This PLP Brief comes from the office of Kate Green MP. For more information contact Roxanne email@example.com or Sofia firstname.lastname@example.org.
This briefing pack is intended to be used to make a case for women to vote to remain in the European Union.
Women are more likely to be swayed by arguments about the economic risks of their decision, for jobs, livelihoods and families.
Women are twice as likely to say that they are unsure how they’ll vote in the referendum (20-25%) as men (10-15%).
Labour IN for women National Campaign day – Saturday 28th May.
The EU has been a powerful force for driving gender equality and empowering women.
Women aren’t convinced by the spin and male Tory posturing that has so far dominated the EU referendum debate. Women want to know the clear case for Europe and how it benefits them and their families.
Equality is one of the European Union's founding values - explicit in the Lisbon treaty, the charter of fundamental rights, and the Treaty on the Functioning of the European Union. It has been hardwired into the institution from the beginning.
Our membership of the European Union guarantees all workers in the UK their rights to paid holidays, parental leave, equal treatment for part-timers, and much, much more. We have a lot to lose.
Women benefit directly from these achievements in many different ways every day and might not know that they are now at risk if we leave the European Union.
If we vote to leave the European Union in June the current Government could pick and choose which rights to water down or scrap altogether. Given their past record on women’s equality that is a frightening prospect. We can’t trust the Tories or UKIP to uphold and protect women’s rights.
Domestically and internationally, Labour is a party with a long history of promoting gender equality – from Harold Wilson’s Equal Pay Act in 1970 to Glenys Kinnock’s appointment as the first ever woman minister tackling violence against women and girls overseas to Harriet Harman’s Equality Act in 2010, we can be proud of the material difference we have made to the lives of women over many decades. But we can’t can grow complacent.
Women are safer in Europe; our rights are more secure in Europe; we are more prosperous in Europe; and our future, and that of our children and grandchildren, is stronger in Europe
That’s why we say women should vote to remain – and why we say that a Europe that’s good for women is good for everyone in our country.
Women’s voices in the EU campaign
On Tuesday 23 May 2016, Harriet Harman, Angela Eagle, Seema Malhotra and Kate Green set out the case that women are better off in the European Union. They warned that a lack of female voices in the debate to date risks key arguments going unheard.
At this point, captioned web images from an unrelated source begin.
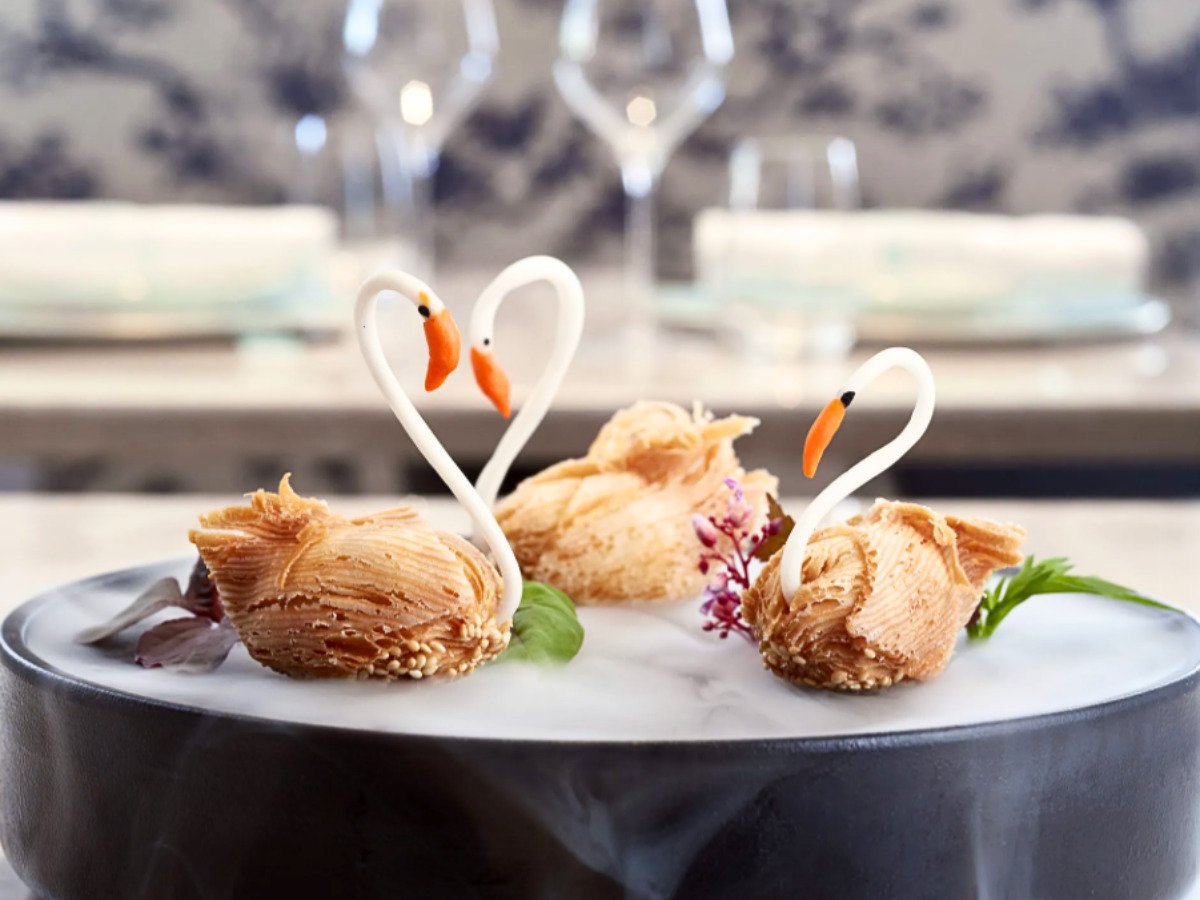 Swan-shaped Durian Pastries at Yi by Jeremy Leung. 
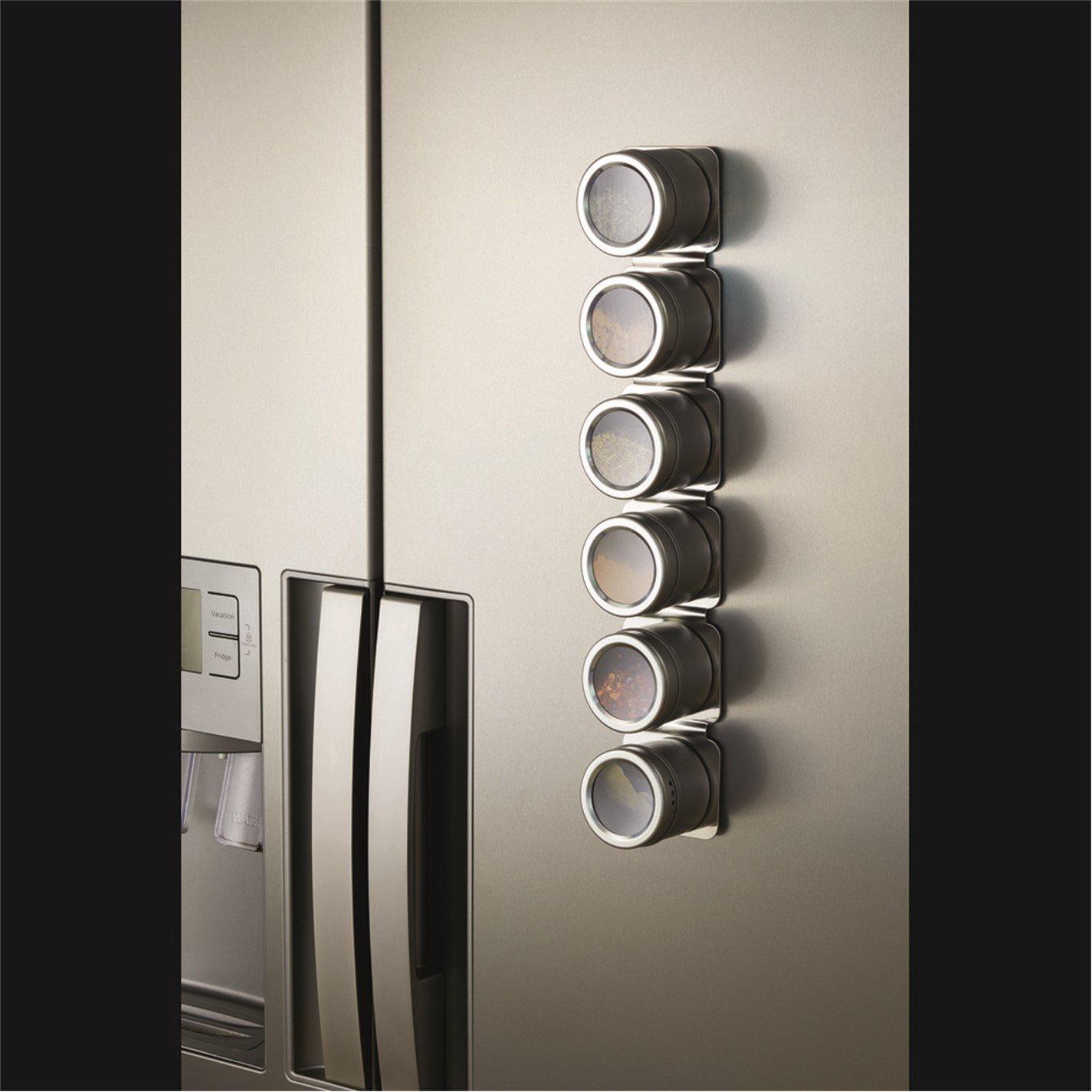 Silver - MasterClass - 6 Jar Magnetic Spice Rack - 5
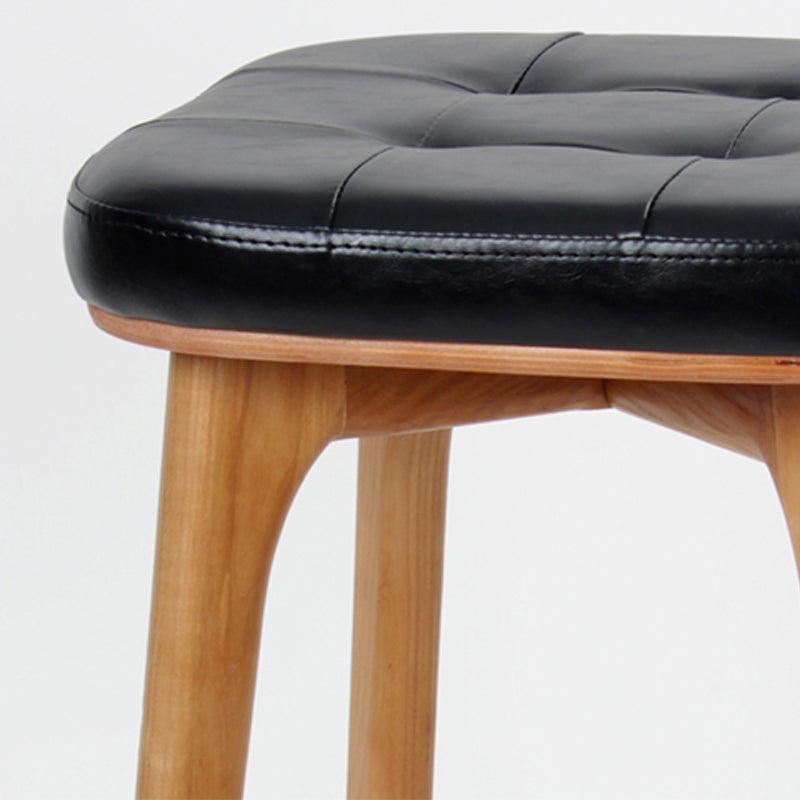 Modern Style Bar-stool PU Leather Counter Bar Stool with Wooden Legs Clearhalo 'Bar Furniture' 'Bar Stools' 'bar_stools' 'furn' 'furn_bar_stools' 'Furniture' 'furniture_bar_stools' 'Kitchen & Dining Furniture' 4769099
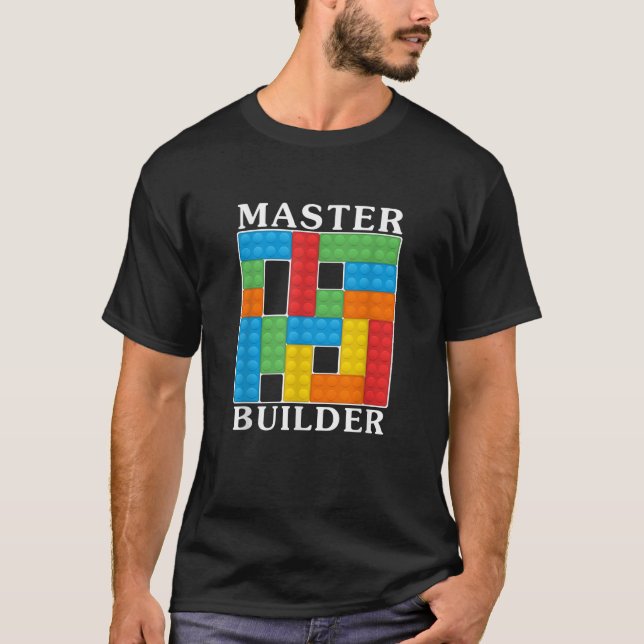 T-shirt Master Builder Enfants Bâtir Blocs Briques Jouets  (Devant)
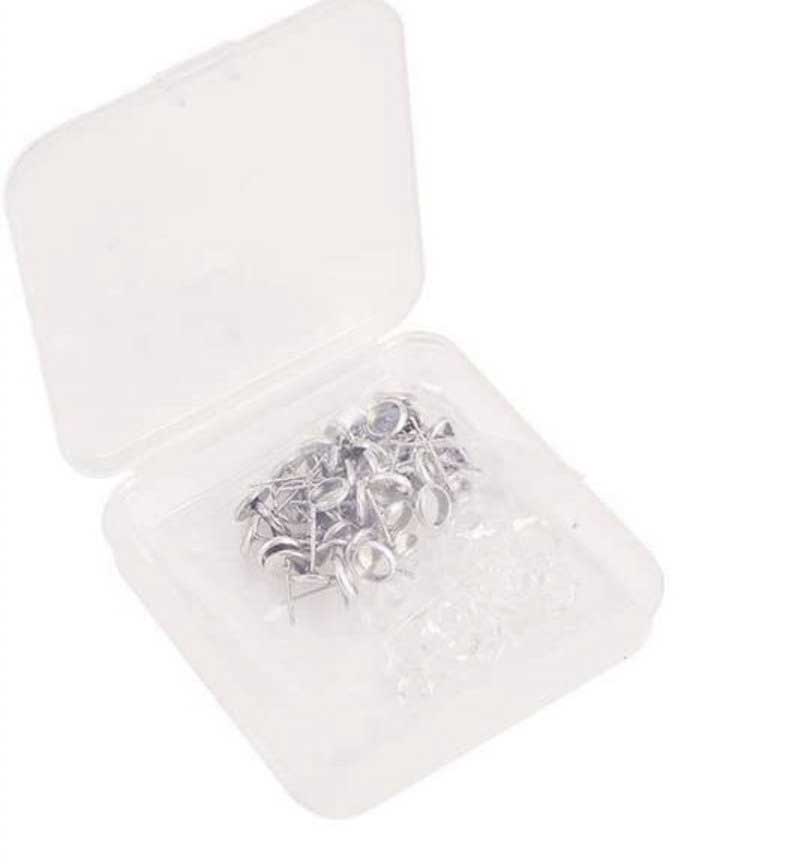 Earring - ID 6mm - Stud Round Tray Bezel with Glass Cabochon - Stainless Steel (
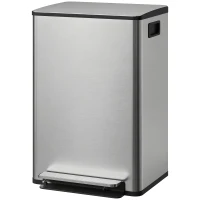 HOMCOM Poubelle cuisine 50L, poubelle à pédale, seau intérieur amovible, couvercle à fermeture douce, 41,7x36,6x62cm, argent(m-12)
If we left the European Union women would be worse off – rights safeguarded by the EU would be at risk.
Last week the Tory Employment Minister, and Leave campaigner, Priti Patel let the cat out of the bag; saying that
“if we could just halve the burdens of the EU social and employment legislation we could deliver a £4.3 billion boost to our economy and 60,000 new jobs.”
Leading Labour women challenged Leave campaigners to spell out exactly which hard won rights and protections they would seek to remove from women if the UK were to leave the European Union.
Labour also warned about the potential impact of Brexit on women’s jobs, rights and protections:
On jobs, Labour analysis of the Treasury’s report on the immediate impact of a vote to leave shows that women’s unemployment could increase by up to 390,000.
That includes between 10,000 and 16,000 fewer women’s jobs in the manufacturing sector and between 8,000 and 13,000 fewer women’s jobs in financial services.
Many of the rights and protections enjoyed by British women are safeguarded by our membership of the European Union. New analysis by Labour shows that the experience of the UK’s key competitors in the OECD outside the EU means we cannot take for granted the progress, rights and protections we enjoy through our membership of the EU:
The gender pay gap for women living in EU countries within the OECD is almost five percentage points lower than for women living in non-EU countries within the OECD.
Women living in EU countries within the OECD are entitled to an average of 22.5 weeks maternity leave. In contrast, women living in non-EU countries within the OECD are entitled to just under 14 weeks.
When it comes to the total length of paid maternity and parental leave, parents living in OECD countries within the EU are on average entitled to more than double parents living in OECD countries outside the EU: 68 weeks as opposed to almost 32 weeks.
Women in the work place
Our membership of the EU has brought greater workplace protection for British women:
Legal right to equal pay. It is a founding principle of the EU and has been in the Treaties since 1957 (now art. 157 TFEU). In 1984 the UK government was forced to include equal pay for work of equal value in the Equal Pay Act, benefiting many women workers.
Guaranteed rights for part time and flexible workers. There are 6.2 million women working part-time in the UK. It doesn’t matter if you are full-time or part- time, temporary or permanent, in-house or agency, all workers get the same rights, including access to pensions.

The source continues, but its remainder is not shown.